Data —
====
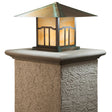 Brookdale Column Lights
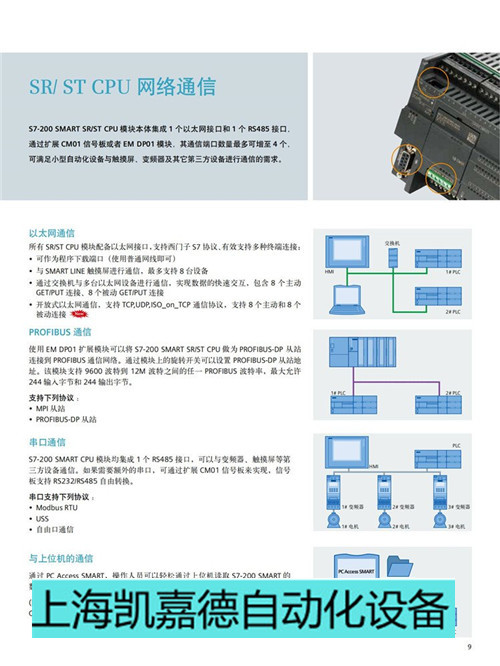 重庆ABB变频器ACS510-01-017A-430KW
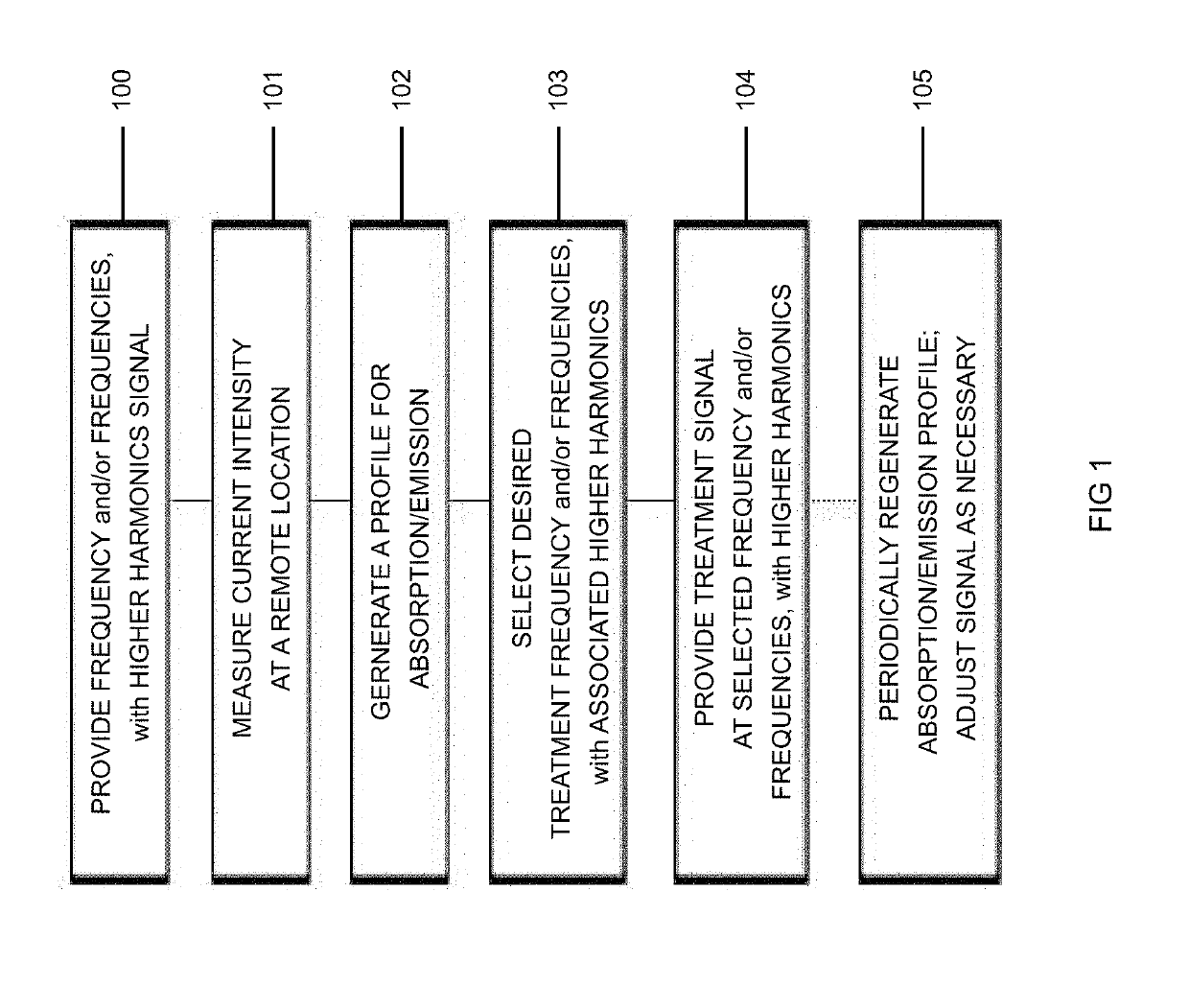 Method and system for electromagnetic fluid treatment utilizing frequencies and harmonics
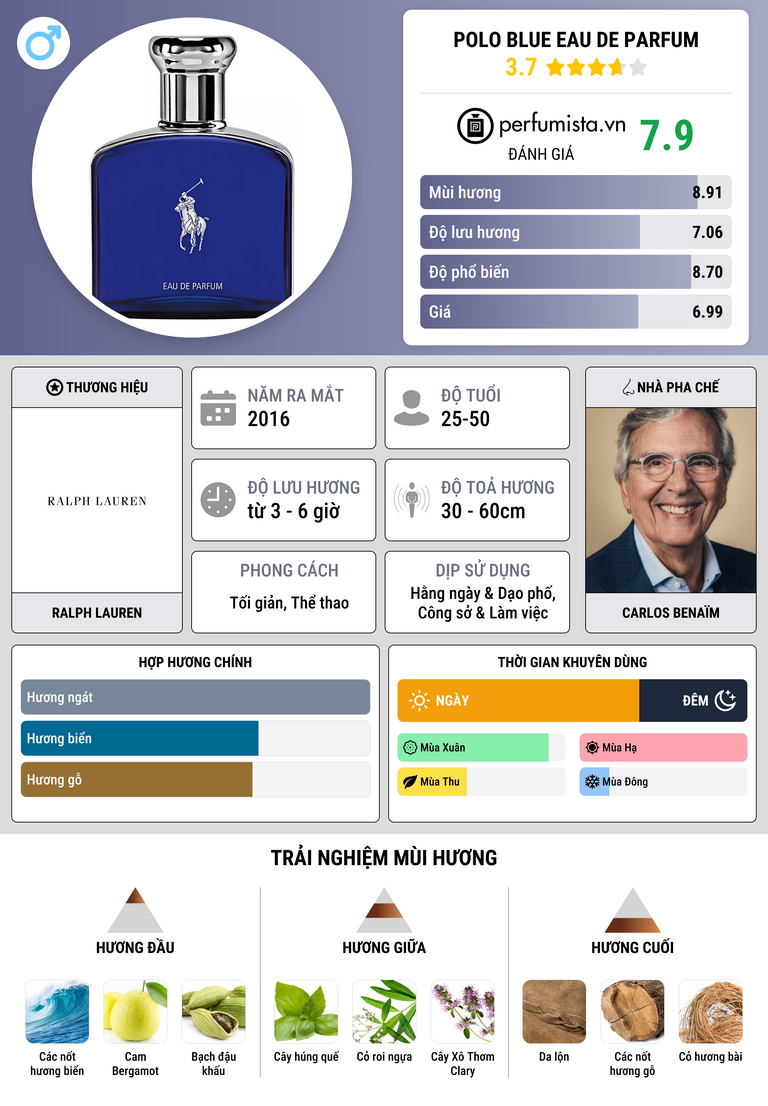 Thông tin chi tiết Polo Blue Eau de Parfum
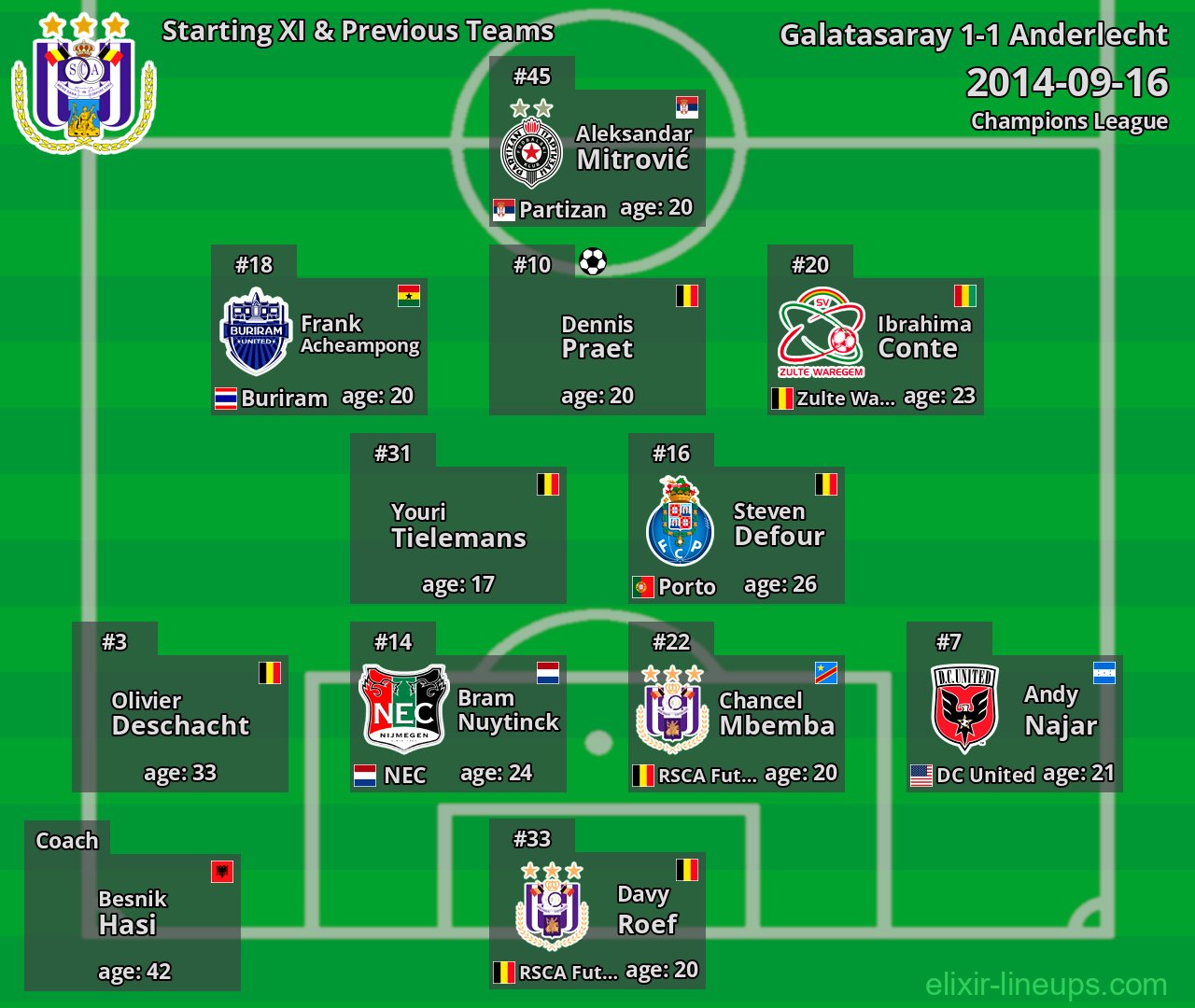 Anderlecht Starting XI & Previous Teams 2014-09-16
====
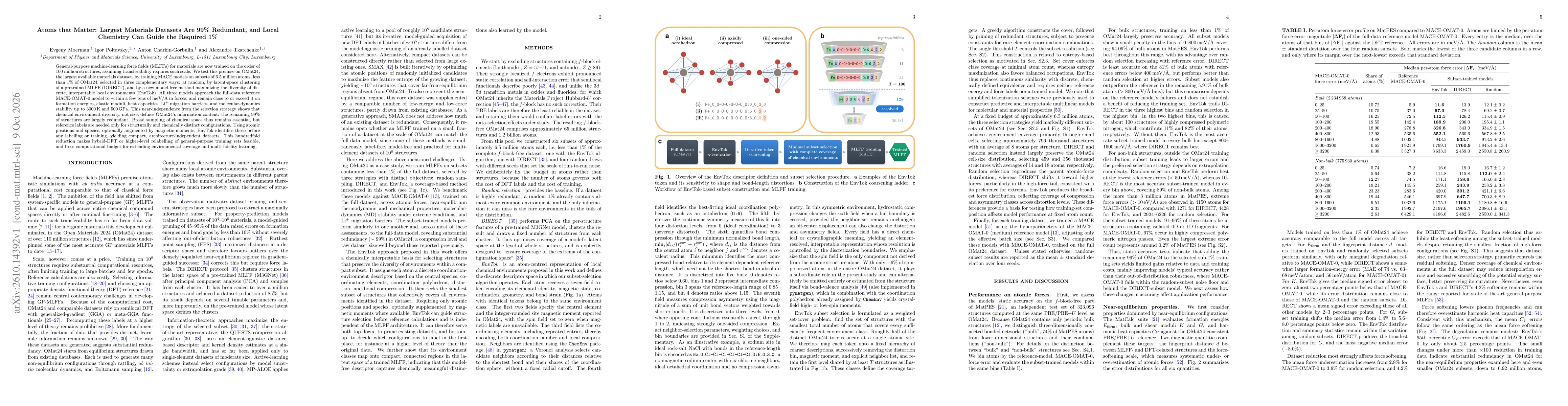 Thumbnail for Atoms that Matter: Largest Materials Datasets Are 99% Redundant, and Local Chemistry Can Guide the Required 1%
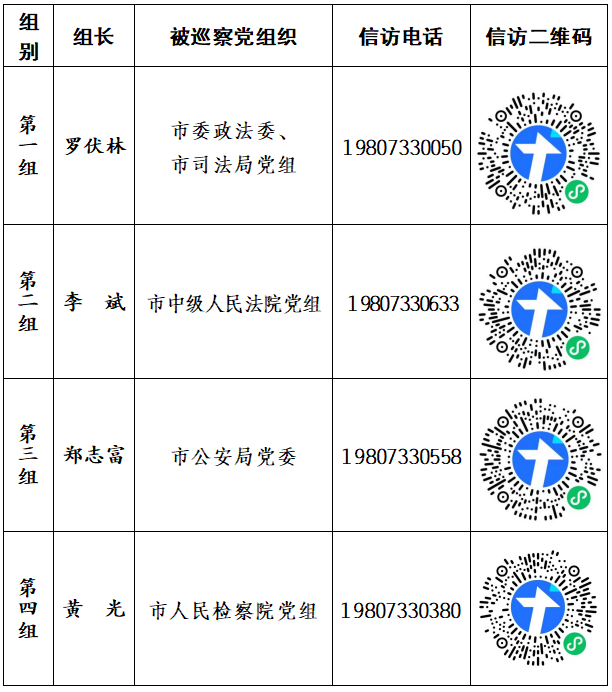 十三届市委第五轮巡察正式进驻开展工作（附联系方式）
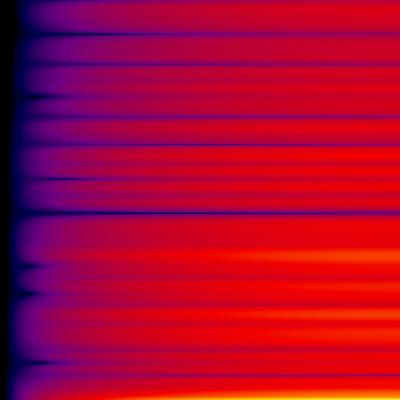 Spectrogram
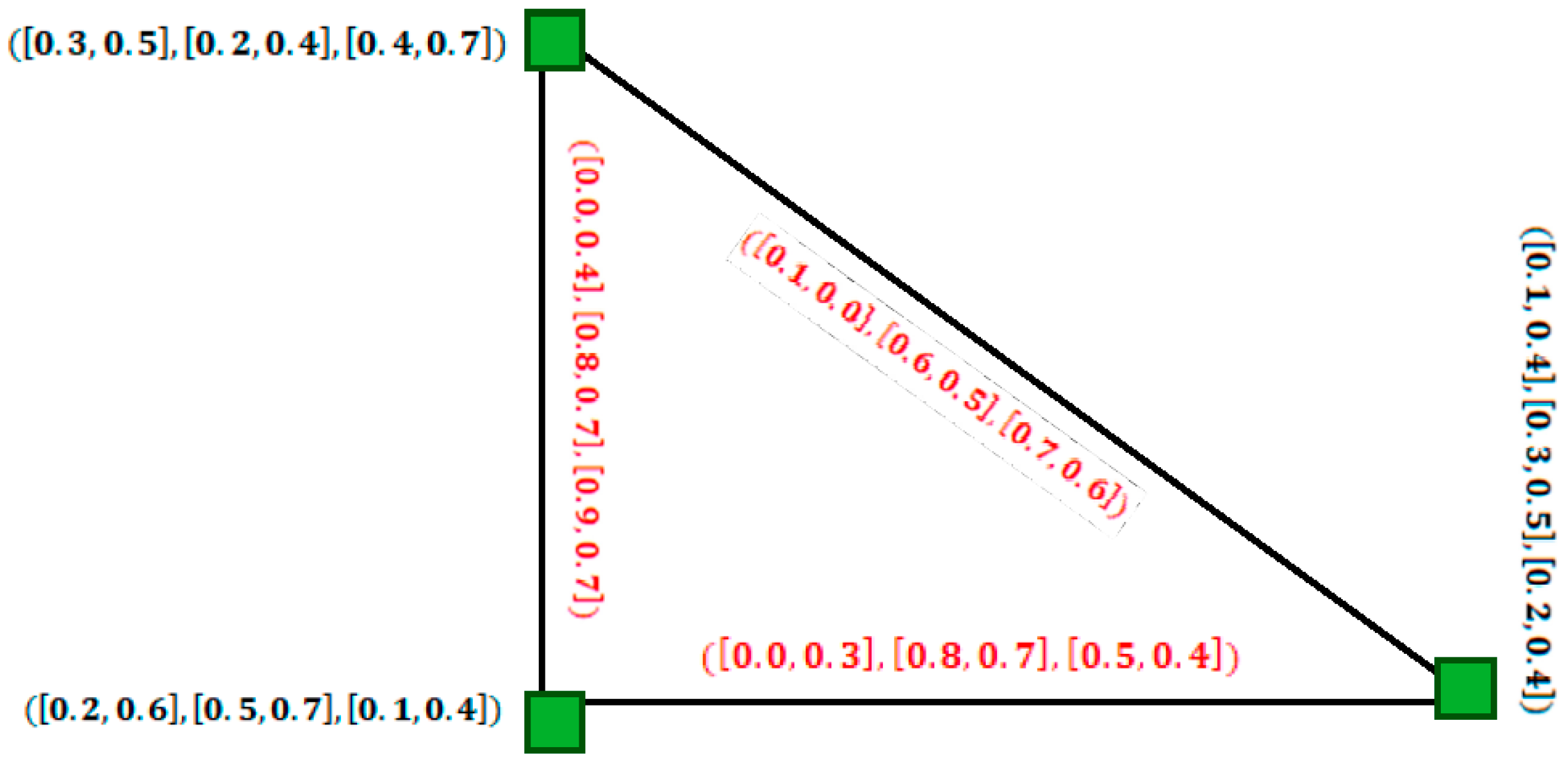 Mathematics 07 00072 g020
====
Task goal —
Taking the material above, give again exactly the lines from the one holding "Thông tin chi tiết Polo Blue Eau de Parfum" through the one holding "Anderlecht Starting XI", with both ends and without pictures.

Output of the exercise —
 Thông tin chi tiết Polo Blue Eau de Parfum
 Anderlecht Starting XI & Previous Teams 2014-09-16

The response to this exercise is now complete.